Statue in Denver, Colorado, U.S.

The Closing Era is a bronze sculpture of a Native American hunter standing over a dying bison, installed on the East side of the Colorado State Capitol in Denver. The statue was created by Preston Powers, the son of famous sculptor Hiram Powers and "represents the end of the traditional lifestyle of Native Americans in Colorado". It was originally created in 1893 for the World's Columbian Exposition in Chicago and subsequently donated to the state of Colorado and erected on a granite base. The base originated from Cotopaxi in Fremont County, Colorado. Powers commissioned a poem from John Greenleaf Whittier for the base of the statue.

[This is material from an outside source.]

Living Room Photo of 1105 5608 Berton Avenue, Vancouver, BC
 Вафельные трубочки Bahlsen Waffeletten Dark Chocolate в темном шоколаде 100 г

The original idea came from real estate investors who wanted to commission a sandstone statue to lure newcomers to the Perry Park area of Denver. When the idea did not materialize, a group called the "Fortnightly Club" under the leadership of Mrs. E. M. Ashley and Eliza Routt determined the same idea would be a good addition to the Colorado State's exhibit at the 1893 World's Fair Exposition in Chicago. The group commissioned Powers to create the sculpture in bronze instead of sandstone.

== Base poem ==
The poem at the base reads:The mountain eagle from his snow-locked peaks

For the wild hunter and the bison seeks,

In the chang'd world below; and find alone

Their graven semblance, in the eternal stone.

== Vandalism ==
In August, 2015, the bow being held by the Native American was stolen but later recovered. According to police spokeswoman Christine Downs, the bow was "discovered tossed over the District 2 police station fence" on September 2, 2015, which is approximate five miles away.